Die geballte Kritik und die politisch motivierte Verfolgung der Autoren und Produzenten von „Flusselegie“ führte dazu, dass die Serie später nur noch im Ausland diskutiert werden konnte.

Diese hier aufgeführte Polarisierung zwischen sehr positiven Einschätzungen und scharfer Kritik wandelte sich allmählich zu eher akademischen und wissenschaftlichen Studien und Analysen, zu denen im Folgenden ein Überblick zu deutsch- und englischsprachiger Literatur gegeben werden soll.

Forschungsüberblick

Ein besonderer Fokus bei diesem Forschungsüberblick zu „Flusselegie“ soll auf deutsch- und englischsprachigen Werken liegen, die einen Überblick zur Debatte liefern, und solchen, die Informationen zum sozio-historischen Hintergrund geben, sowie gängige Übersetzungen vorstellen.

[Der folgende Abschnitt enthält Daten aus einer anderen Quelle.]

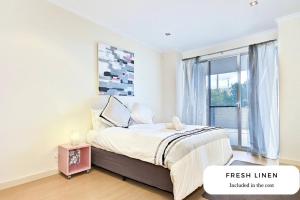 um quarto com uma cama e uma janela em Block Escape - Ocean View Apartment No 1 em Victor Harbor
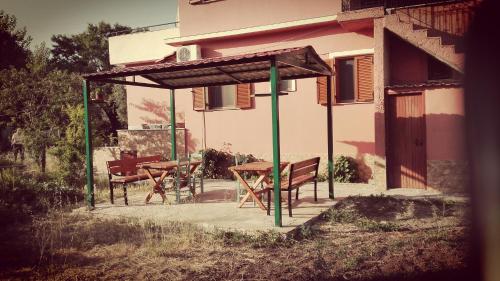 a picnic shelter with a table and chairs in front of a building at Vassilis Studios in Anaxos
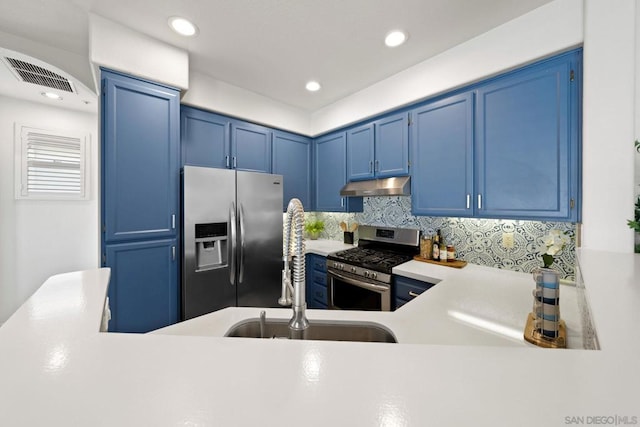 kitchen featuring appliances with stainless steel finishes, blue cabinets, sink, and decorative backsplash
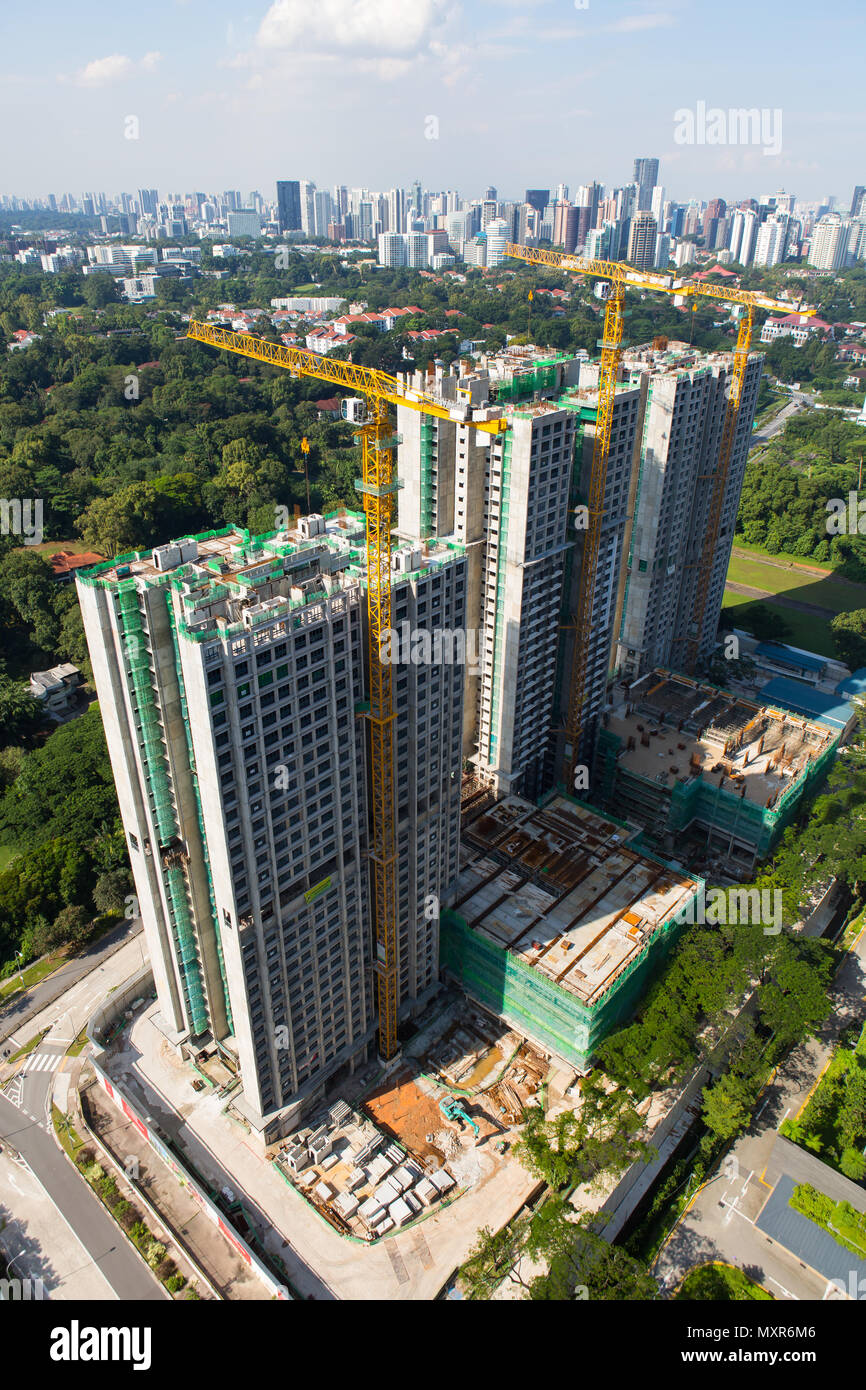 Vue verticale de trois grues à tour impliquées dans la construction d'appartements à Singapour. Banque D'Images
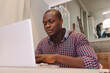 © ADDICTIVE STOCK - Black Man with a laptop on a Wooden Table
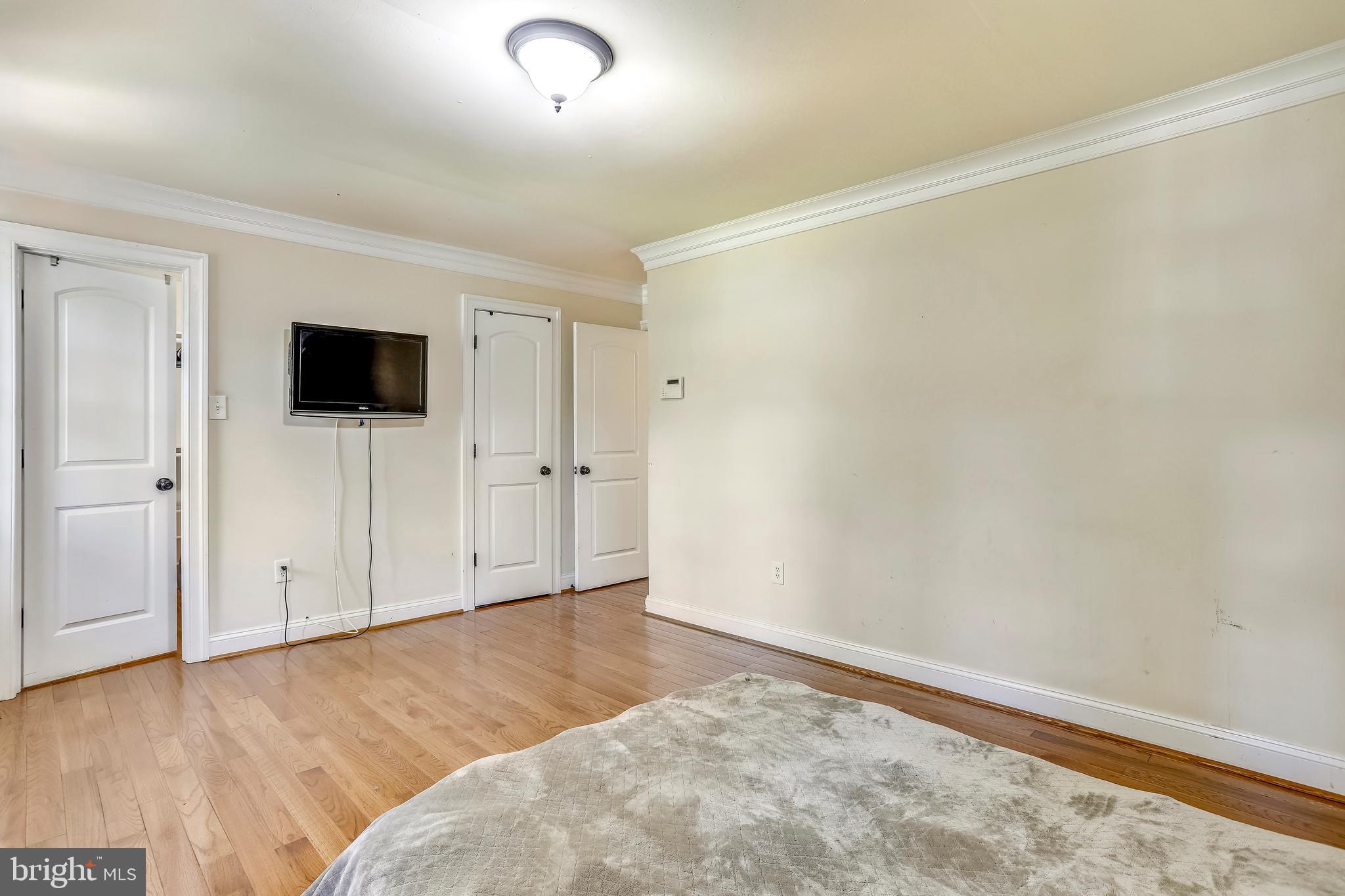 10145 Colebrook Avenue Potomac, MD 20854 - Photo 11 of 30 wooden floor in an empty room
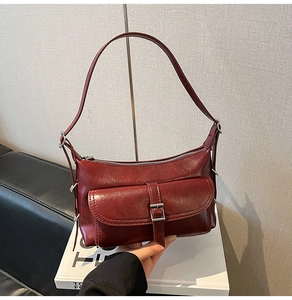 Detail of burgundy leather shoulder bag with silver buckle and grainy texture finish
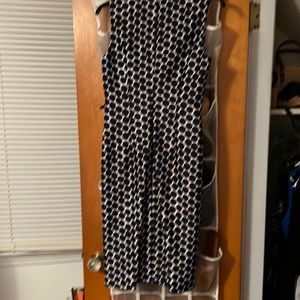 Back view of Calvin Klein neoprene black/white sheath dress.  Invisible back zip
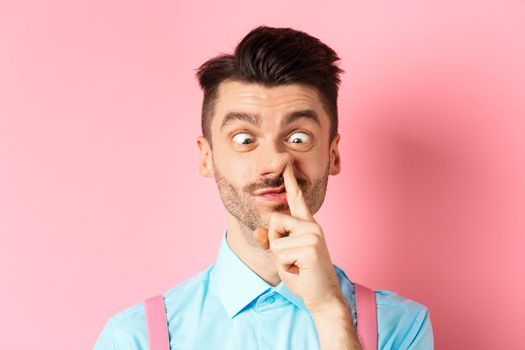 Image of funny caucasian guy picking nose and squint eyes, making dumb face, standing on pink background.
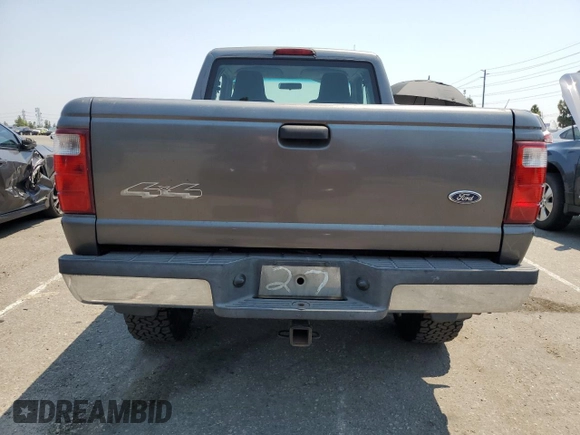2005 Ford Ranger XL with VIN 1FTZR15E45PA73118, listed as a Copart auction lot 64683135 with 162,514 mi miles and Salvage title. Bid and sale history available at DreamBid. Image 6.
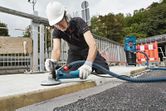 A person wearing safety equipment grinds concrete on a sidewalk with a connected grinder.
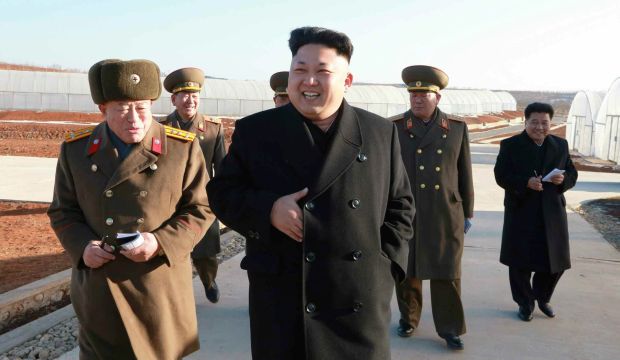 A picture released by North Korea's official Korean Central News Agency (KCNA) on 26 December 2014 of North Korean leader Kim Jong-un (C) reportedly touring a greenhouse at a military farm growing vegetables. (EPA)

Eine deutsche Übersetzung des Drehbuchs zu „Flusselegie“ ist bei Peschel (1991) zu finden. Die beiden Chefautoren der Serie, Su Xiaokang und Wang Luxiang  haben zudem eine englische Übersetzung mitsamt Handbuch für Zuschauer mit Erklärungen zu in der Serie verwendeten Texten und Bildern veröffentlicht (Su und Wang 1991).

Die vierteljährlich erscheinende, akademische Zeitschrift Chinese Sociological Review (CSR), die einen besonderen Schwerpunkt auf chinesische Gesellschaften auf dem Festland und Taiwan sowie in Hong Kong und im Ausland legt, hat eine dreiteilige Serie zu „Flusselegie“ veröffentlicht. Der erste Teil (Heft 24, Ausgabe 2) verfügt ebenfalls über eine Übersetzung des Drehbuchs ins Englische. Im zweiten Teil der Serie (Heft 24, Ausgabe 4) werden vor allem Beiträge und Kommentare behandelt, die sich hauptsächlich auf die Zeit kurz nach der Erstausstrahlung im Juni 1988 konzentrieren. Der Regisseur von „Flusselegie“, Xia Jun (1992), erklärt dort, wie Bildsprache, Toneffekte, Erzählung und Skript in der Serie verschiedene Emotionen, Gedankengänge, Fragen und Symbole vermitteln. Wang und Qiu (1992) beschreiben die Wirkung dieser bildlichen und sprachlichen Mittel auf die chinesische Zuschauerschaft sowie die Intentionen ihrer der chinesischen Intelligenzia zugehörigen Schöpfer. Mit Guan (1992) werden weitere kritische Stimmen zur Serie zusammengetragen, darunter auch solche an dem oben bereits erwähnten Generalsekretär der KPCh und Unterstützer der Serie, Zhao Ziyang (R. Jin 1992). Eine Kritik an diesen kritischen Stimmen bietet Xie (1992). Die Ausgabe endet mit einem Kommentar des Chefautors von „Flusselegie“ Su Xiaokang (1992), der sich besorgt über die Popularität von „Flusselegie“ als politisches Phänomen und Debattengegenstand in Festlandchina, Taiwan und Übersee äußert.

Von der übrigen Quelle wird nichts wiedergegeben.